I never thought the first alien we encountered would be a bacterium. But then again, what did I expect? A walking, talking quadruped?
“Muli bwanji, Elida,” Chanda pipes in from the lab’s entrance. “Stop telling jokes to yourself, and come out. I’ve made lunch, and I’m sure you’ve got to eat too.”
It’s disappointing I can’t communicate with the bacteria. Maybe they’re like me, ill-fitting and awkward. Or maybe, they just don’t want to talk. I turn off the microscope’s light, put the slide away, and clean the bench and instruments.
I remove my suit in the airlock-decontamination room, and enjoy the gusts of air and warm light caressing my naked body. “Decontamination complete.”
“Thanks, Mosi.”
Outside the lab, the sun burns bright in the scout-planet’s violet sky, while the surf slamming against the shore ignites my thirst. I head for Chanda’s airlocked tent, probably squishing millions upon millions of organisms as I tread along in my suit and heavy boots.
Bacteria dying don’t bother me. They don’t think – they’re just biochemistry in sacks. What I want to find and protect are sentient species, those that can feel higher emotions like pain and remorse. Kind of like the guilt I harbour for wiping out the Tripods in Centauri. It’s one of the few emotions that still manages to percolate through.
I kick a stone off the dirt walkway. The path winds between the ten-metre-wide craters that we still can’t explain, but all I really want is a drink. Does that make me a bad scientist? Or is it the fact that I prefer to talk to myself and not other people?
Chanda greets me with a smile. “The great Doctor Banda joins us. Come, have some goop.”
“I want water.”
“Well, when you ask so nicely, here.” He shoves an aluminium flask into my hands.
I drink, trying to ignore his gaze. I know what he’s going to ask. The same impatient, daily whining he exhibited on the previous seven planets.
“So, any news?”
“Nope.” I grab a bowl of food, and tuck in. Thankfully all we have is slush so I can eat with one hand, my other an amputated victim of repeated cryowakes.
“Right. Same old, eh?”
“Yep.”
He paces in the tiny mess room, hands behind his back, facing the floor, huffing away.
Oh, right. It’d been over a week since we last discussed the importance of getting the colonists out of cryosleep bla bla bla, so I guess it’s time for that again. I savour the taste of liquid protein before pausing my vital nutrient-acquisition to alleviate his anxiety.

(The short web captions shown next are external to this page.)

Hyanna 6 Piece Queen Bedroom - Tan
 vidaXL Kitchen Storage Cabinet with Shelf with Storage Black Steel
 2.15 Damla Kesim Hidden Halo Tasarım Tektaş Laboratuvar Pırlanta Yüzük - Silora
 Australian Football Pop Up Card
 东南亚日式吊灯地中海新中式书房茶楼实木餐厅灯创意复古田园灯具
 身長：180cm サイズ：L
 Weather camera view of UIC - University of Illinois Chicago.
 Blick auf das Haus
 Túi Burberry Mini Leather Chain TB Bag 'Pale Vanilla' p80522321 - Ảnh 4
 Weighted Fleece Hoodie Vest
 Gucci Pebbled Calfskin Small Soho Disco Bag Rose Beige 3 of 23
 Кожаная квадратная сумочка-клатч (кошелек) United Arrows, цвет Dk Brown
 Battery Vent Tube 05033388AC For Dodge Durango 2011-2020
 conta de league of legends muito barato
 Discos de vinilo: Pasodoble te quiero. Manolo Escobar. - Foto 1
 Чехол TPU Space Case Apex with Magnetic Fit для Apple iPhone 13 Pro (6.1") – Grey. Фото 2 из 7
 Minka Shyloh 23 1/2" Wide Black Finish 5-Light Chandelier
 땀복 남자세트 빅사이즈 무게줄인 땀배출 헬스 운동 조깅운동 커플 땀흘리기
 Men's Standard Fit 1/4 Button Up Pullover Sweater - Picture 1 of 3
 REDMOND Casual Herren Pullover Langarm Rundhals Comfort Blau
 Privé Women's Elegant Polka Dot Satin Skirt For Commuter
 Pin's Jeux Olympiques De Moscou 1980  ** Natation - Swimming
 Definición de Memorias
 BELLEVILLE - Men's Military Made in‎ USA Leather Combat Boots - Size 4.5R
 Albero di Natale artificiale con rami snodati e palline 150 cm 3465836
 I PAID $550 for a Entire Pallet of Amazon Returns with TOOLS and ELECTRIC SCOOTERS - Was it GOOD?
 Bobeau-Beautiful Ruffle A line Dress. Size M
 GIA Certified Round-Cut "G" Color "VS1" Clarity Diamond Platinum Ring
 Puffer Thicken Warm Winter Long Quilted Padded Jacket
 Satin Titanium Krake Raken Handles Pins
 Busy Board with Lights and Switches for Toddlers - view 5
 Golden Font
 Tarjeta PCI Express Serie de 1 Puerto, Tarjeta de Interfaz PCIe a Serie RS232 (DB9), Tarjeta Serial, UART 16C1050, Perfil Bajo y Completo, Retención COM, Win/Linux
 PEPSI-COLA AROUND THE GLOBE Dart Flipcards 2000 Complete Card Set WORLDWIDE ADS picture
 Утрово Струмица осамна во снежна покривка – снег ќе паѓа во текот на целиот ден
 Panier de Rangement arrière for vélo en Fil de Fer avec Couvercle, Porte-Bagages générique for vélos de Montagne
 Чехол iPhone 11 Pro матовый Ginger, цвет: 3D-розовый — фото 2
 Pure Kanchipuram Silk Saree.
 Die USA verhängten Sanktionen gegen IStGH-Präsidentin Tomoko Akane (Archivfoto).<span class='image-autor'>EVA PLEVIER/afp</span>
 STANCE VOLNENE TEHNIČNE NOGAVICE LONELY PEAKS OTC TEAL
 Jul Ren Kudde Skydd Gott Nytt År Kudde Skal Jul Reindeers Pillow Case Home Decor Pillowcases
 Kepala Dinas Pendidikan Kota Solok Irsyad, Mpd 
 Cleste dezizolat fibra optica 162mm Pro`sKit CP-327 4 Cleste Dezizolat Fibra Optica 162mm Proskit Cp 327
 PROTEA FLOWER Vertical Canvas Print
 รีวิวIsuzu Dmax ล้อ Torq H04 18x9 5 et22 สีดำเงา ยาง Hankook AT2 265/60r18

“We have a thousand souls sleeping in orbit,” he begins. “Waiting on our decision—”
“I’m well aware of that.”
“You need to hurry up.”
I sigh, and place my bowl down, hoping it won’t get cold by the time I’m done reassuring his little boy-brain that I still think this planet will be the One. “We don’t have too far to go. This place is excellent. An ocean of drinkable freshwater without the countless toxins of the last three, and enough land to get us going.”
“So why the delays?”
“I’ve got to make sure these microbes can’t harm us. They’re like Earth’s. DNA and RNA-based, and they have the exact same machinery, so there is a potential they could behave like pathogens.”
“But—”
I put my palm out. I’ve seen him do it a couple of times when he wanted me to stop talking so I assume it means shut up. “Also, we still haven’t figured out how the craters were created, nor why they exist only within a couple of hundred metres from the beach and nowhere else. Also, the microbes there are clumped together in macroscopic collections.”
“The alien turds.”
I exhale sharply. “Macroscopic collections. And, they’re different from the bacteria that cover the ground. As soon as I’ve explained all that, and found it’s benign, we’ll get the colonists down.”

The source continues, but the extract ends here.